WORK REQUIRED ▸ Reproduce exactly the lines below from the one containing "Trump e l'ufficiale" through the one containing "Duomo 89 Bed & Breakfast Наполи Стая снимка", including both, and nothing else.

DATA SECTION ▸
──────────────────────────────

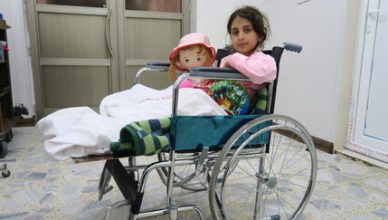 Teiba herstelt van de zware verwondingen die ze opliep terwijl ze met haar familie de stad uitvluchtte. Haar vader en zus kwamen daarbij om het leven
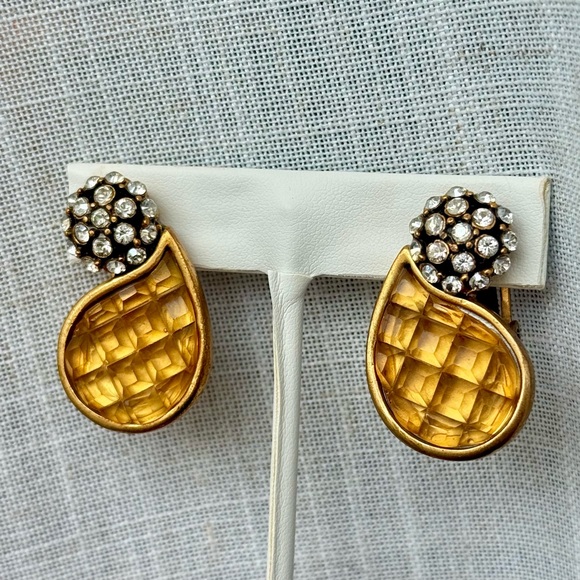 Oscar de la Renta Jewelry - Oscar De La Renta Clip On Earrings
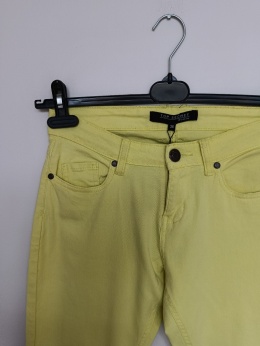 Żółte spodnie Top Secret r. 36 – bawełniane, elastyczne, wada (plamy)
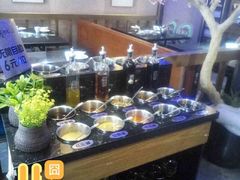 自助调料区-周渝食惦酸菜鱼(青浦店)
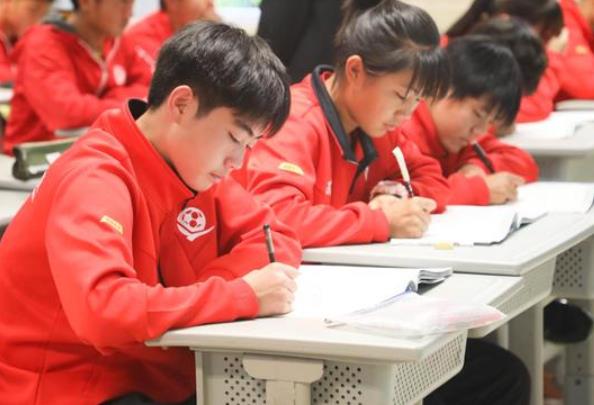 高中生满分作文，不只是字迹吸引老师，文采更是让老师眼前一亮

──────────────────────────────

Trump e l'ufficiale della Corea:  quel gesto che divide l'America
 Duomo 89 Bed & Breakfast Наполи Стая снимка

──────────────────────────────

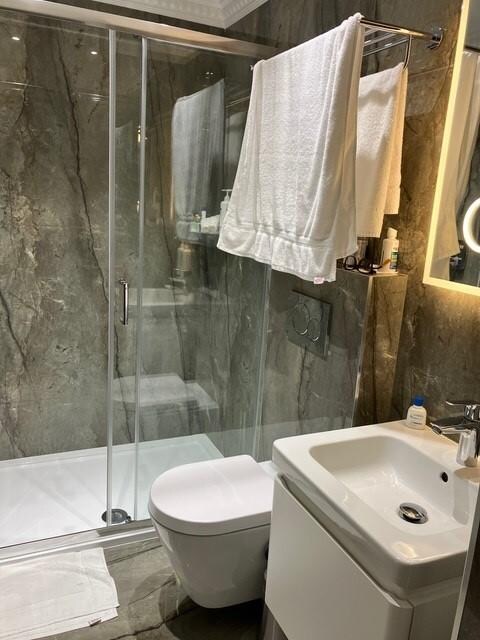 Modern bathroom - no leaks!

──────────────────────────────

RESPONSE ▸
Trump e l'ufficiale della Corea:  quel gesto che divide l'America
 Duomo 89 Bed & Breakfast Наполи Стая снимка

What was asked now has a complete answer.